El verano de 2017 llegó a Cleveland vía intercambio, pero tardó en debutar con los CAvs al tomar la determinación de operarse de la cadera. Su estancia en Ohio, dicen las malas lenguas que por algún roce con LeBron James, duró pocos meses y puso rumbo a los Ángeles. Allí tampoco encontró su sitio y la pasada campaña firmó por el mínimo con los Nuggets. Lejos de mejorar, su oportunidades de volver a la pista se iban reduciendo. En total, 44 partidos y 12 desde el quinteto inicial en estos dos años entre sus tres últimos equipos. Ahora le llega el tren de Washington. Un equipo en el que buscará reencontrarse y en el que gozará de mayor protagonismo. La baja de larga duración de Wall y la marcha de Satoransky a Chicago le abre una puerta en su posición que difícilmente volverá a tener si no la aprovecha.

Derrick Rose

El jugador más joven de la historia en convertirse en MVP de la NBA. Lo consiguió con 22 años, en su tercer curso como profesional, tras convertir a los Bulls esa temporada (2010/11) en el mejor equipo de la liga con un balance de 62-20. Rookie del año, tres veces All-Star y una de las carreras más prometedoras del siglo XXI hasta que, el 28 de abril de 2012, en el primer partido de playoffs ante los Sixers se rompe el ligamento de la rodilla.
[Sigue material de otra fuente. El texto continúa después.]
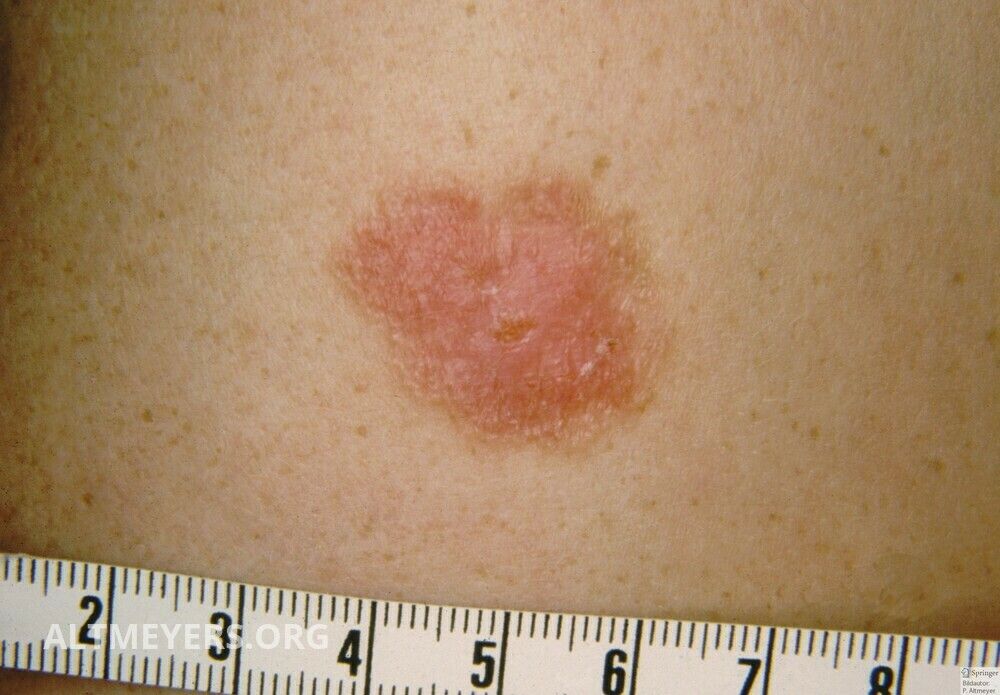 Swivel Flap Plastic Altmeyers Encyclopedia Department Dermatology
Adiós a la siguiente temporada para que, a su vuelta, se opere de una rotura de menisco. Posteriormente, y a tener en cuenta, tuvo dos lesiones más en el menisco y una infinidad de problemas en sus tobillos debido a la tremenda potencia y velocidad de juego que derrochaba. De Chicago tomó rumbo a Nueva York, donde mostró un nivel intermitente dadas las lesiones. De ahí a Cleveland durante unos meses para recalar finalmente en Minnesota. Precisamente en los Timberwolves regaló un halo de esperanza: la última noche de Halloween firmó su record personal de anotación con 50 puntos a los Jazz. Un más que merecido premio para una estrella que se ha ido diluyendo y que luchará por encontrarse, si sus articulaciones le dejan en los Pistons.